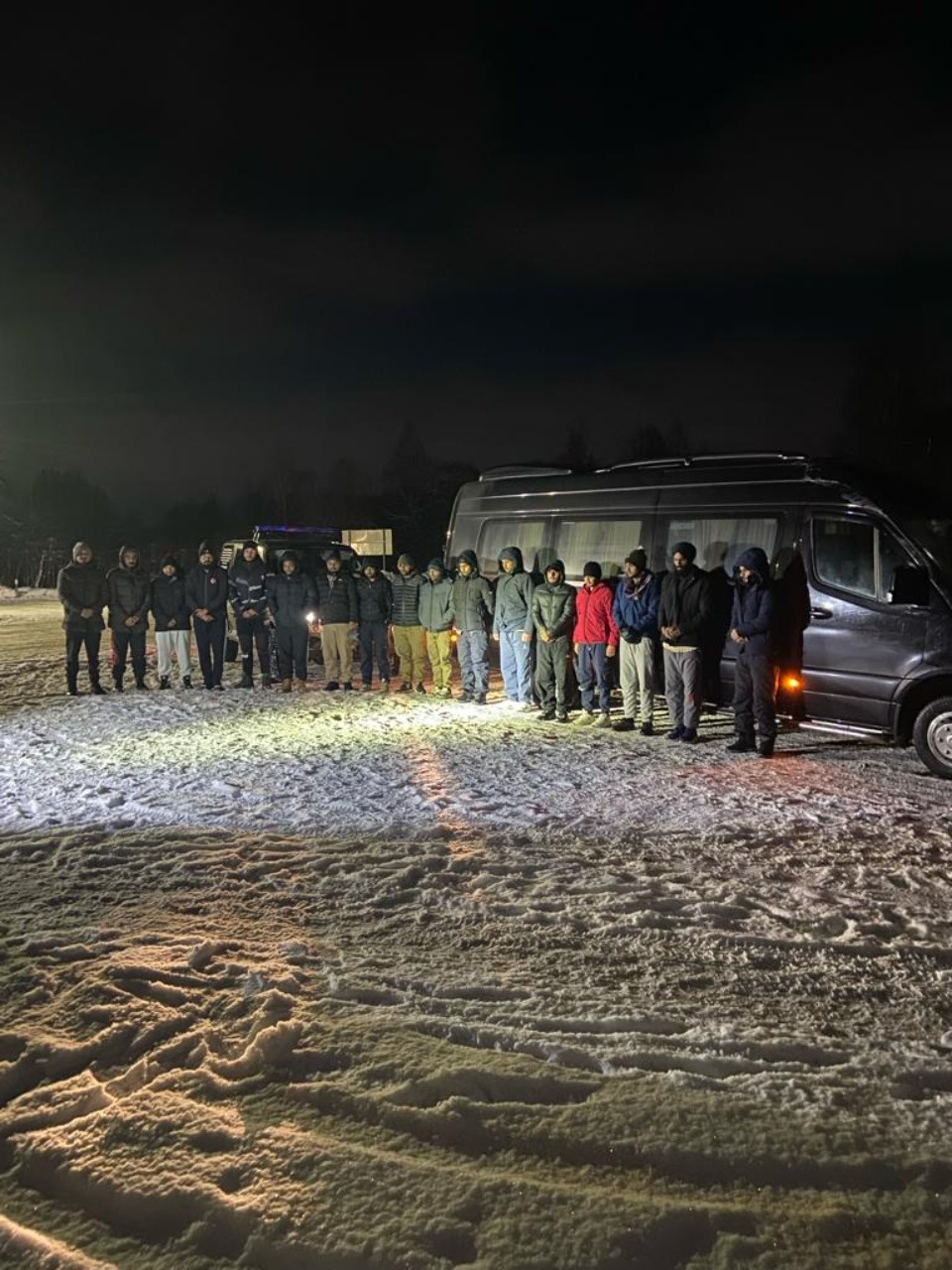 Псковские пограничники задержали две группы иностранцев, планировавших незаконное пересечение госграницы Псковские пограничники задержали две группы иностранцев, планировавших незаконное пересечение госграницы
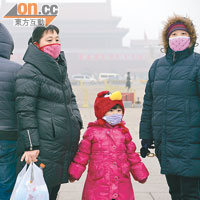 北京市民及遊客外出時均戴上口罩。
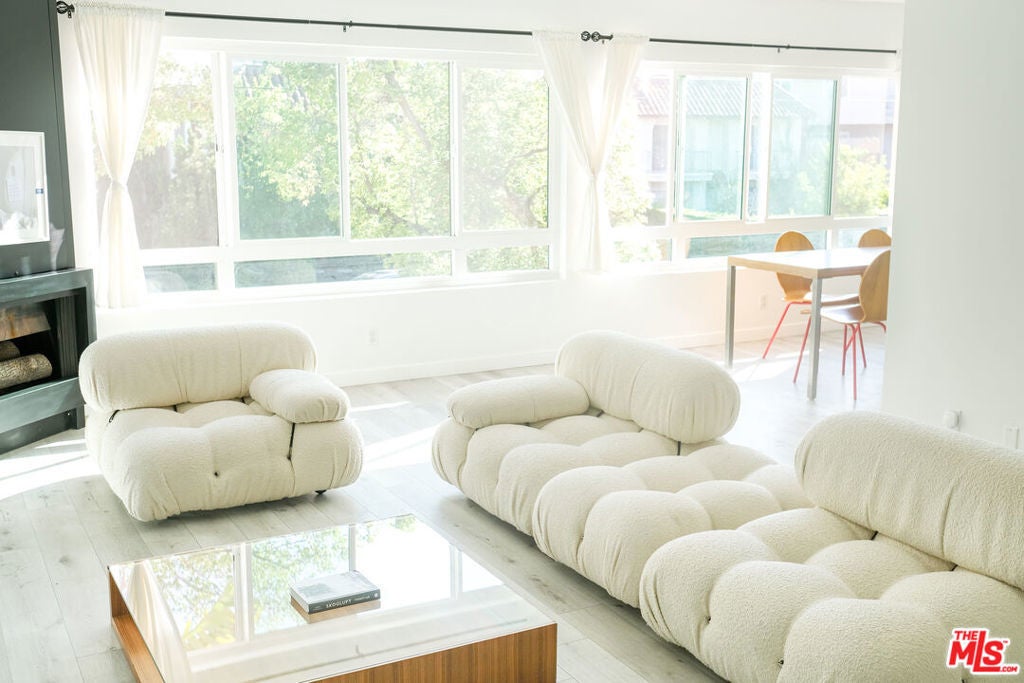 Photo of Listing #25624797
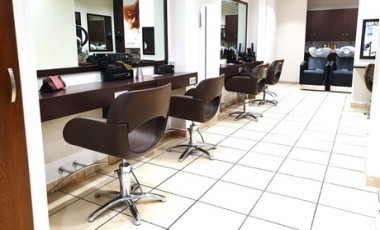 vente privée Balayage shampoing coupe et coiffage pour cheveux courts mi-longs longs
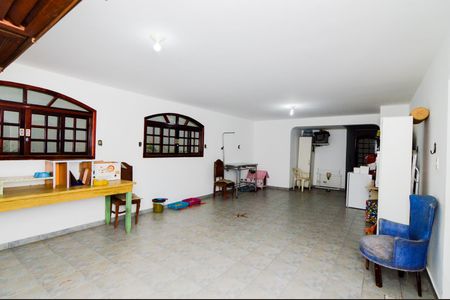 Casa à venda com 250m², 3 quartos e 4 vagasGaragem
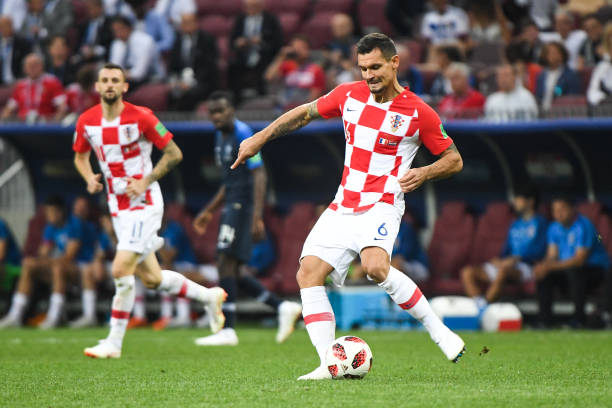 级战中的两 级战中的两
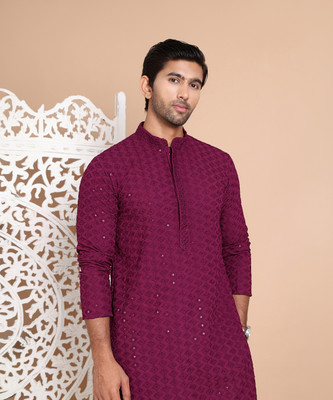 ANOUK Men Embroidered Straight Kurta(Purple)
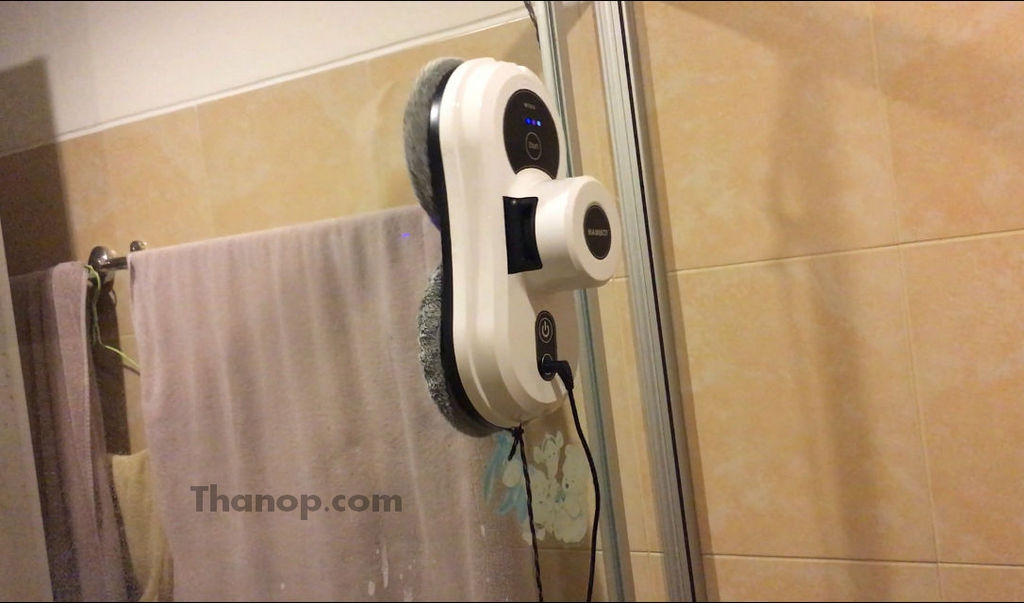 glassbot-w110s-working-with-shower-door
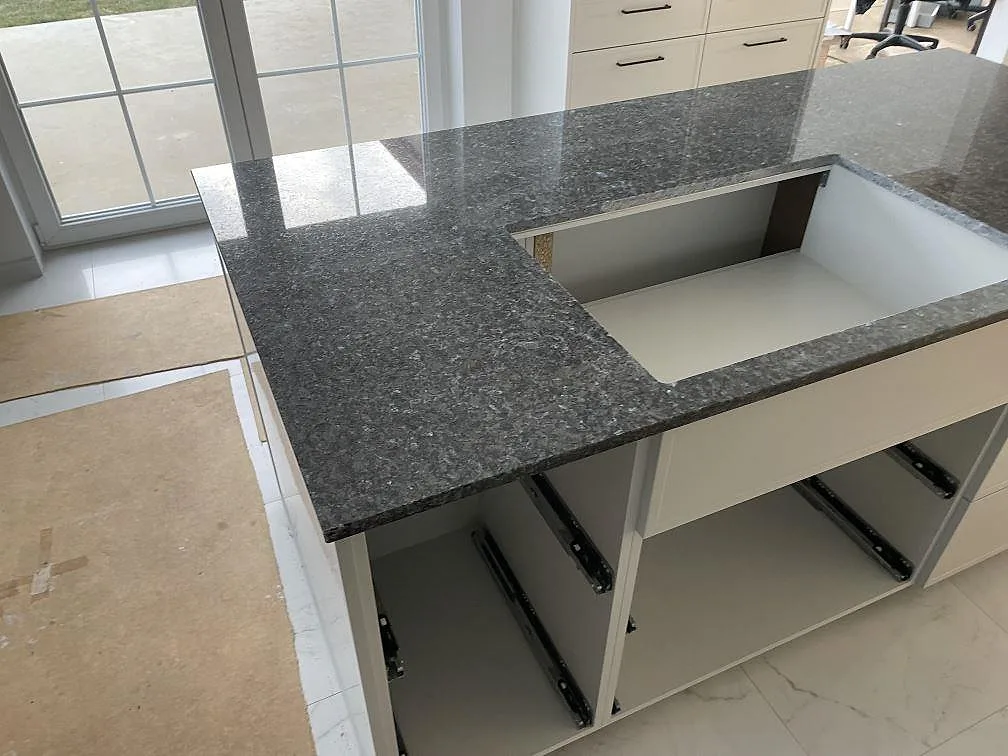 Køkkenbordplade i Blue Pearl, Sölvesborg – billede 3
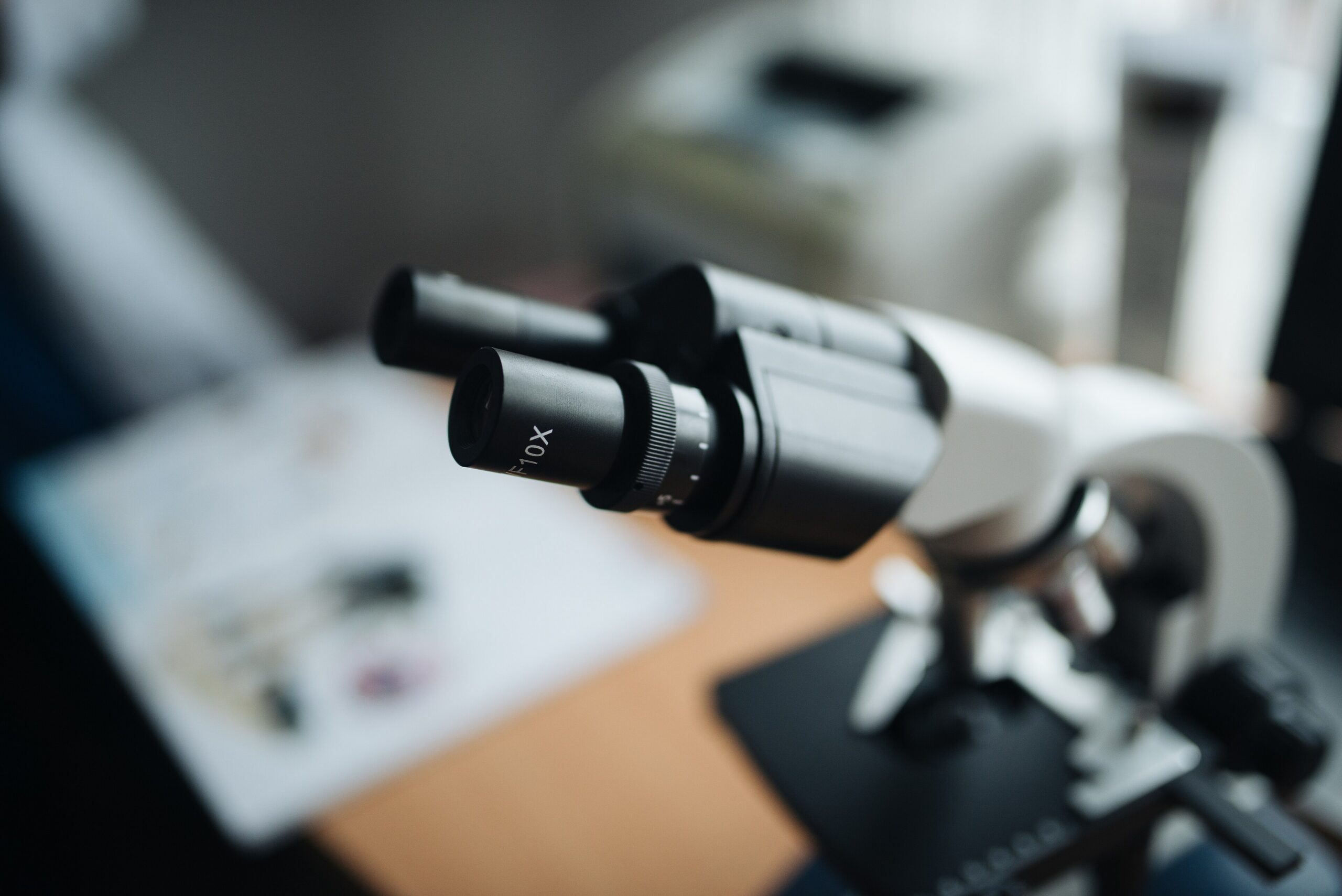 Microscope close-up - Medical research and clinical extracurriculars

EXERCISE INSTRUCTIONS
Transcribe every line from the one containing "级战中的两 级战中的两" to the end of the listing, exactly and exclusively. Do not carry any picture over.

PROBLEM SOLUTION
 级战中的两 级战中的两
 ANOUK Men Embroidered Straight Kurta(Purple)
 glassbot-w110s-working-with-shower-door
 Køkkenbordplade i Blue Pearl, Sölvesborg – billede 3
 Microscope close-up - Medical research and clinical extracurriculars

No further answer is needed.